Copy the listing below in full and skip every picture.

********************

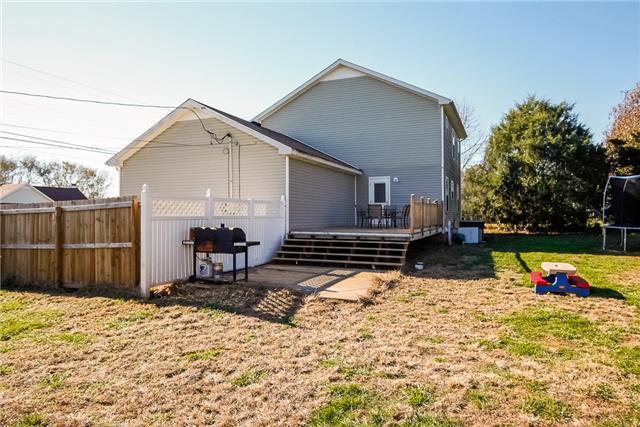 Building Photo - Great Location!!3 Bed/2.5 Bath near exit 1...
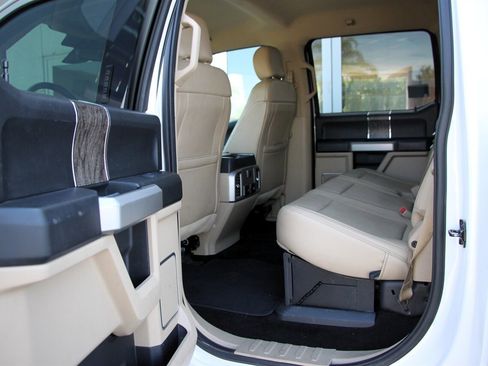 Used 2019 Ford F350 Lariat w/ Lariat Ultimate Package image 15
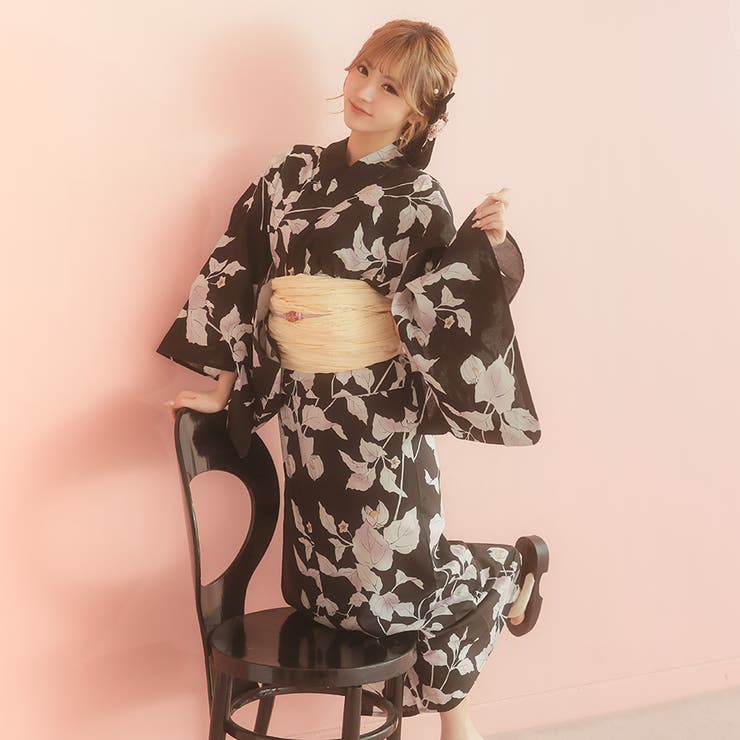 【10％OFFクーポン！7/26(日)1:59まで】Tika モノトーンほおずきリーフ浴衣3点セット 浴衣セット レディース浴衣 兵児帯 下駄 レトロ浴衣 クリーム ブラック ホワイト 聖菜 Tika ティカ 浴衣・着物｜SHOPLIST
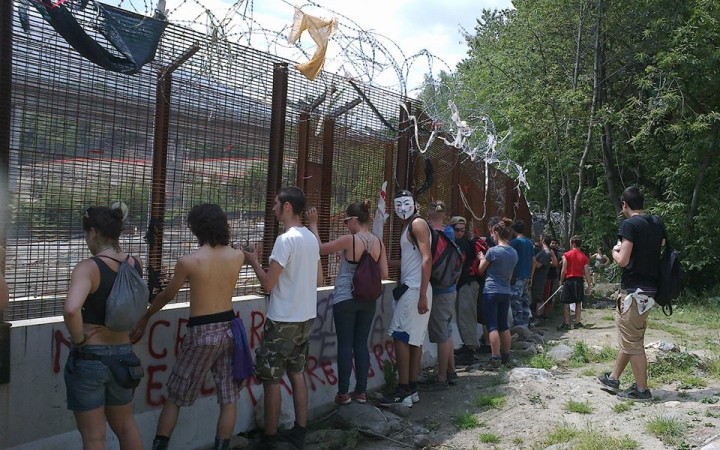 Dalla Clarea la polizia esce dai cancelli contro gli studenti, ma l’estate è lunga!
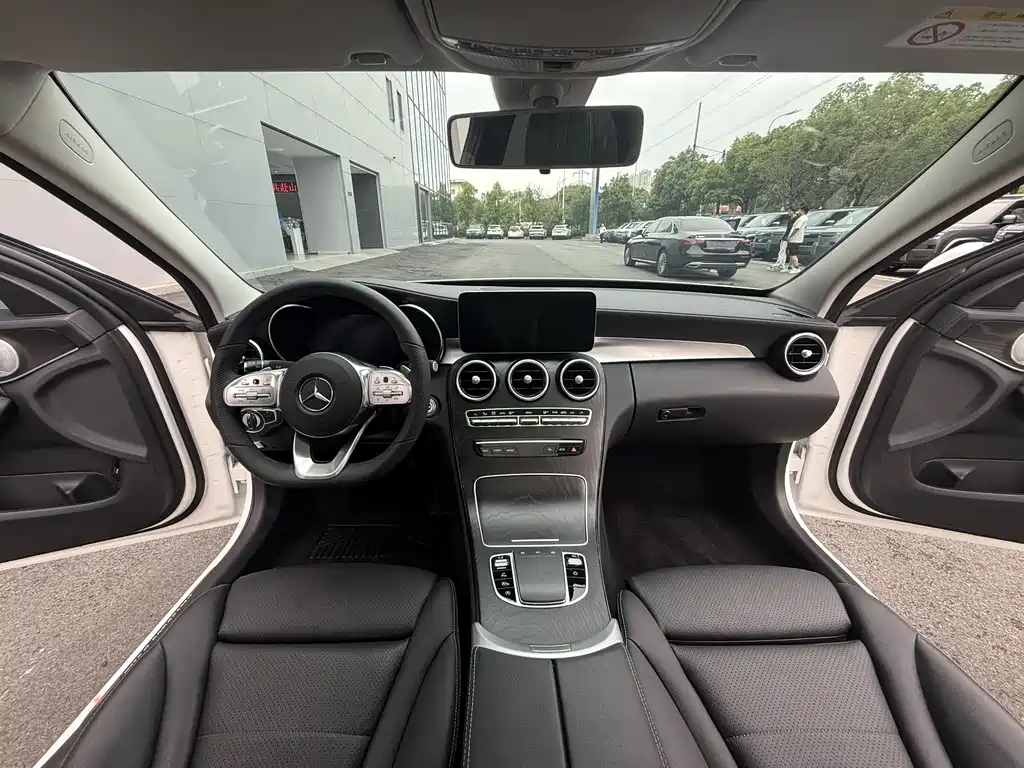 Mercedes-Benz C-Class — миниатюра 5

********************

## Answer for this exercise
 Building Photo - Great Location!!3 Bed/2.5 Bath near exit 1...
 Used 2019 Ford F350 Lariat w/ Lariat Ultimate Package image 15
 【10％OFFクーポン！7/26(日)1:59まで】Tika モノトーンほおずきリーフ浴衣3点セット 浴衣セット レディース浴衣 兵児帯 下駄 レトロ浴衣 クリーム ブラック ホワイト 聖菜 Tika ティカ 浴衣・着物｜SHOPLIST
 Dalla Clarea la polizia esce dai cancelli contro gli studenti, ma l’estate è lunga!
 Mercedes-Benz C-Class — миниатюра 5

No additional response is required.